In internet è stato diffuso l’appello del metropolita Sofronij di Cherkassk e Kanev alla portavoce del Consiglio della Federazione Russa Valentina Matvienko e al ministro della Cultura Vladimir Medinskij, in cui critica duramente Vladimir Putin e la politica dell’attuale leadership russa. Lei è a conoscenza del testo di questo appello e può commentarlo per noi?
Purtroppo, ne sono a conoscenza. Ahimé, un simile tono, da qualunque motivo fosse dettato, non può che produre un’effetto deprimente sulla comunità pastorale della chiesa russa, sia in russia che in Ucaina. La gente si aspetta di sentire da un arcipastore parole d’amore che servano a rafforzare la fede, soprattutto in questi tempi difficili in cui tutti soffriamo. È triste che oltre a ciò si debbano udire parole di ostilità.
Subito dopo la vittoria dell’Euromaidan a Kiev, a febbraio, il Santo Sinodo della Chiesa ortodossa ucraina ha istituito una commissione per il dialogo della Chiesa ortodossa ucraina del Patriarcato di Mosca con la Chiesa ortodossa ucraina del Patriarcato di Kiev e la Chiesa ortodossa autocefala ucraina. A suo avviso, dall’attività di questa commissione potrà scaturire qualche risultato concreto? E che cosa sta a testimoniare il fatto della sua comparsa?
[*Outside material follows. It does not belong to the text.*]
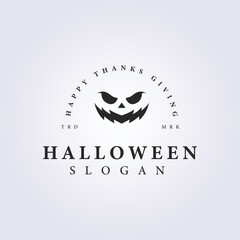 silhouette halloween face logo vector illustration design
Noi guardiamo con favore a qualunque passo possa essere compiuto nell’ambito della tradizione della Chiesa, che in ultima analisi potrebbe ricondurre, dopo la scissione, i nostri fratelli a tornare in seno alla Chiesa canonica, e riportarli all’ovile. Confidiamo che il lavoro di questa commissione dia dei frutti positivi. Ma al contempo è importante ricordare che quello del superamento della divisione della Chiesa in Ucraina è un problema che non risale solo a ieri. E che non esiste alcuna soluzione alternativa al di fuori dell’ambito canonico, come del resto è stato ancora una volta ribadito unanimemente dai capi e dai rappresentanti di tutte le chiese ortodosse locali nell’incontro avvenuto ai primi di marzo a Istanbul. Voglio ricordare ancora una volta che nel messaggio, approvato al termine della conferenza dai primati della chiesa, si dice: “Pregheremo ardentemente affinché nella crisi, che ancora prosegue in Ucraina, si possa riprendere un dialogo di pace e si possa trovare una riconciliazione attraverso la preghiera. Condanniamo le minacce di confisca violenta di monasteri e chiese e preghiamo per il ritorno dei nostri fratelli che si trovano oggi al di fuori della comunità ecclesiale in seno alla Santa Chiesa”.
Le forze politiche estremiste in Ucraina dichiarano spesso che il paese ha bisogno di una “Chiesa locale unita”. A suo avviso, esiste la probabilità che simili dichiarazioni prima o poi possano concretizzarsi?
Come ha ribadito più volte il nostro santissimo Patriarca, gli ucraini hanno una loro Chiesa ortodossa locale: la Chiesa ortodossa ucraina del Patriarcato di Mosca. Ed è tanto russa e ucraina che moldava. La chiesa esiste al di là dei confini e delle ostilità politiche. Gli estremisti in Ucraina vogliono “creare” non una Chiesa unica, ma un partito religioso, che possa legittimare le loro azioni ed essere spiritualmente indulgente con le loro fantasie politiche. La creazione di una simile Chiesa, oltre che un tradimento di Cristo, non può essere definita altrimenti che come una profanazione della pietà cristiana ucraina.